Copy, word for word, the opening line of the data and each line after it until the line that contains "See the clear", which is included. Leave the pictures out.

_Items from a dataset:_
......
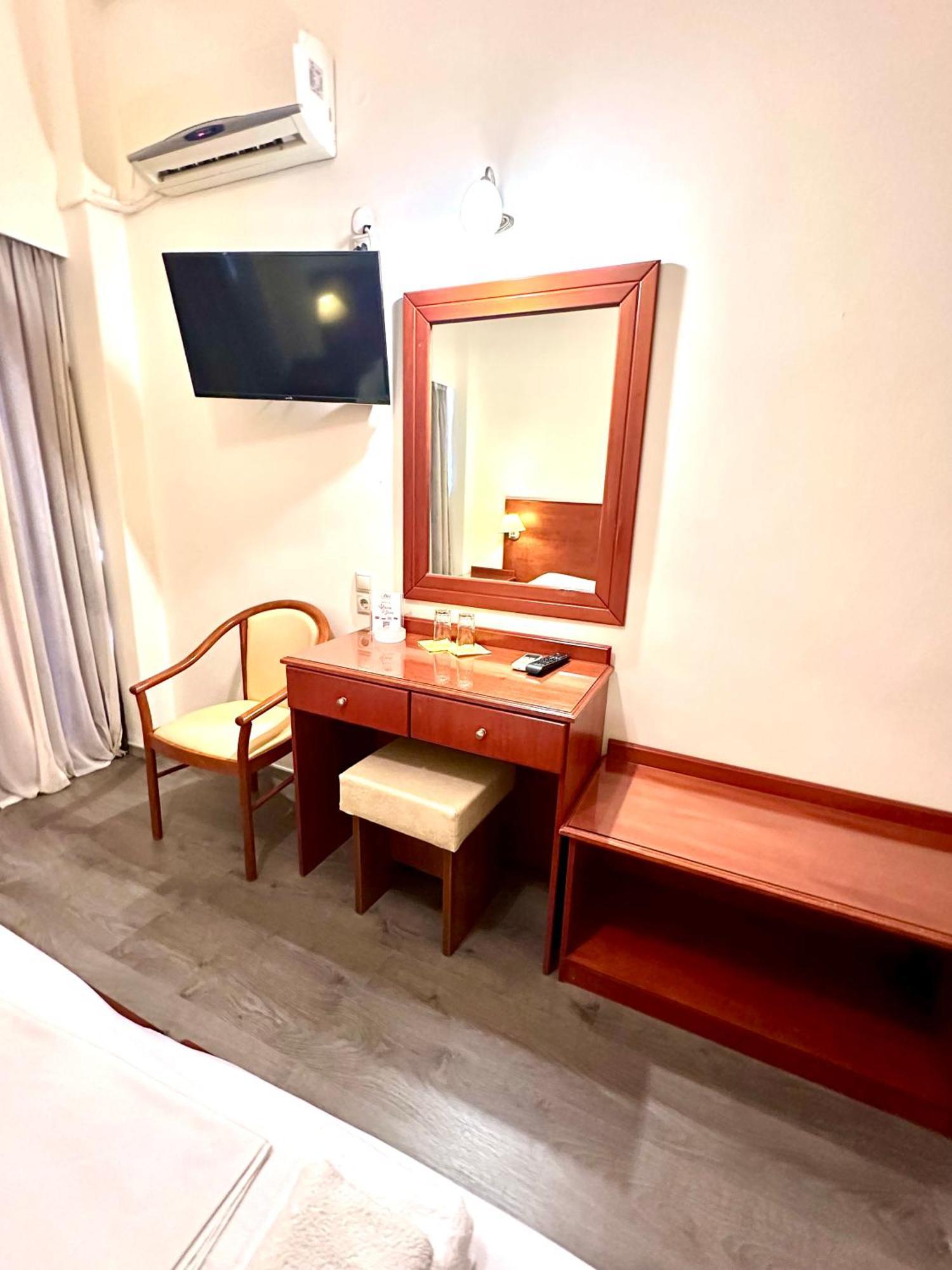 Akti Hotel 2*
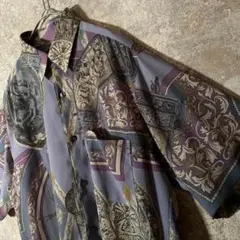 【個性派古着】 総柄 芸術的な柄 半袖シャツ 淡い紫 M~L 生地薄め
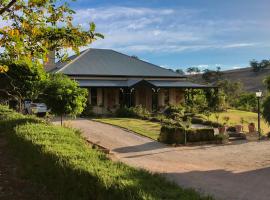Battunga Cottages，位于Watervale的酒店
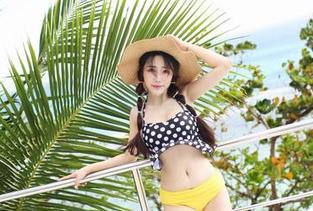 IMiss爱蜜社 – 萌白酱驾到，黑丝出场——无圣光的真实美！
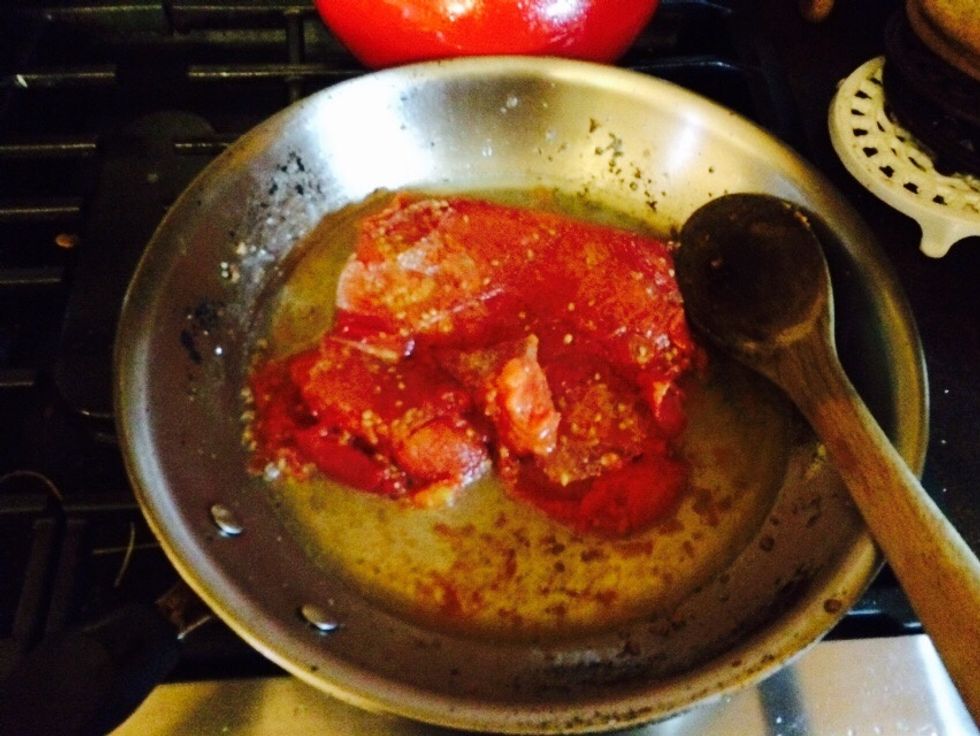 See the clear tomato juice. When it freezes. It collects up that way. Any Italian will tell you, allow the tomato to cook down.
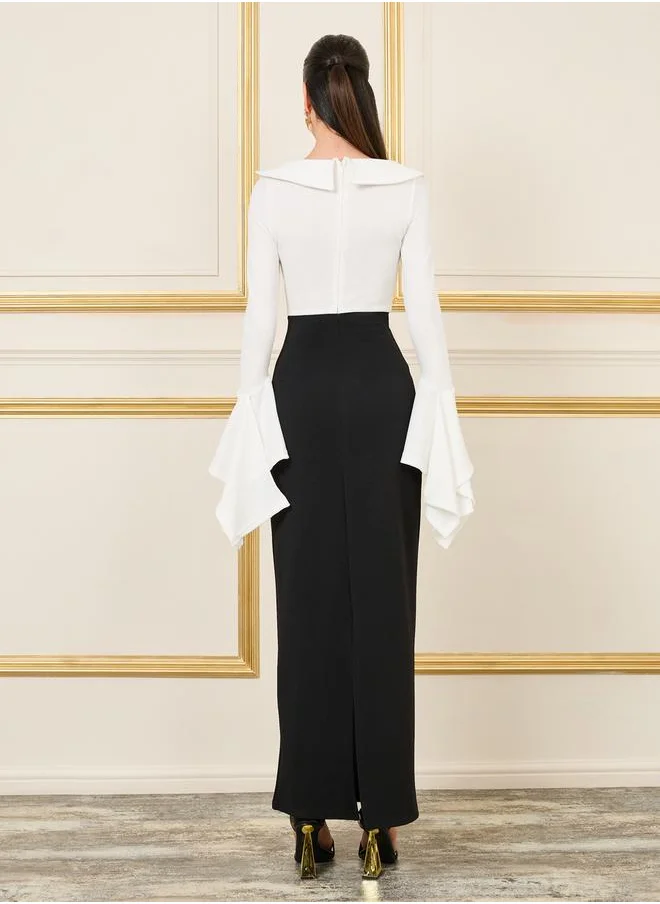 Styli Button Detail Bell Sleeves Bodycon Maxi Dress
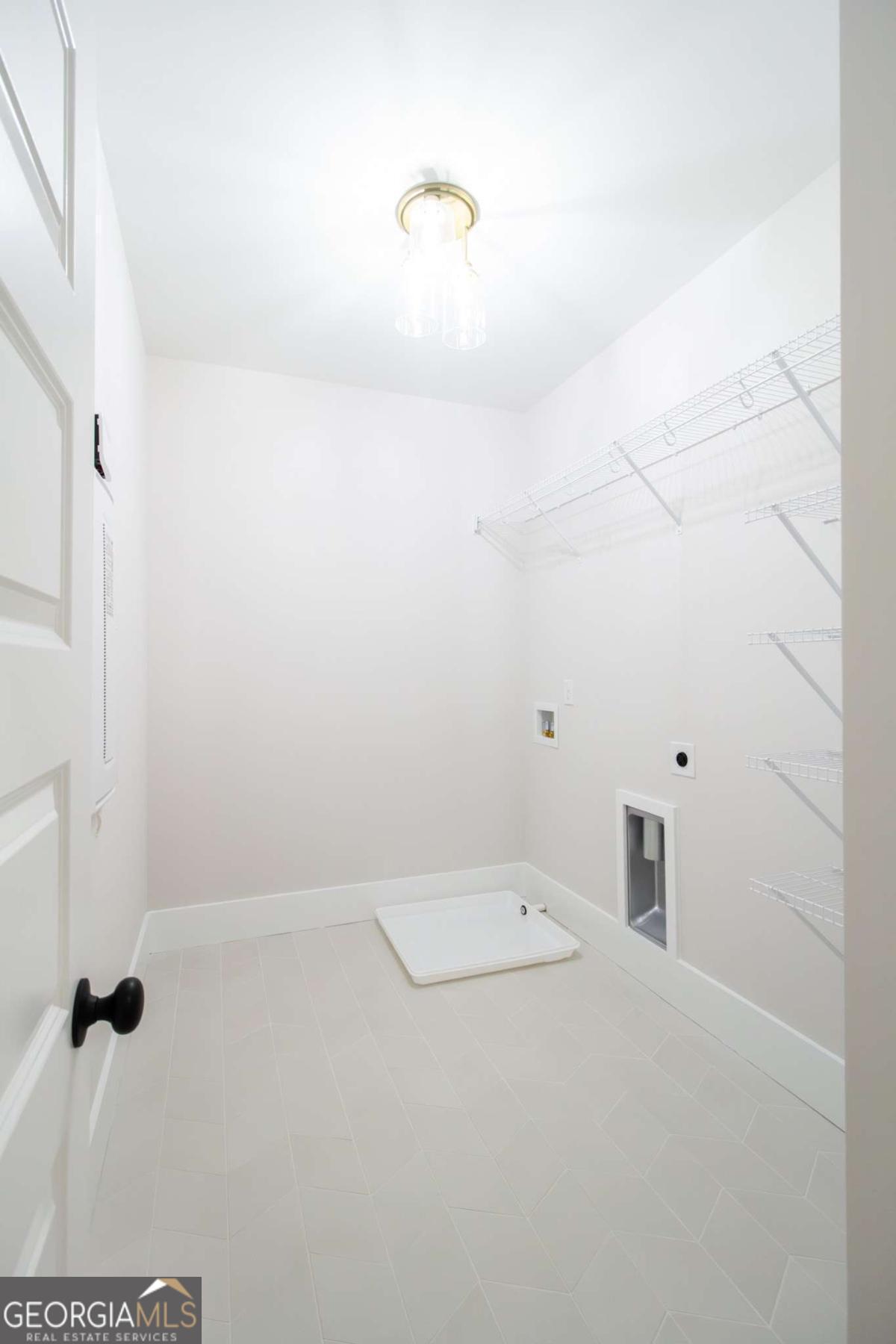 507 Casanova Street SE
......
_Task answer:_
 Akti Hotel 2*
 【個性派古着】 総柄 芸術的な柄 半袖シャツ 淡い紫 M~L 生地薄め
Battunga Cottages，位于Watervale的酒店
 IMiss爱蜜社 – 萌白酱驾到，黑丝出场——无圣光的真实美！
 See the clear tomato juice. When it freezes. It collects up that way. Any Italian will tell you, allow the tomato to cook down.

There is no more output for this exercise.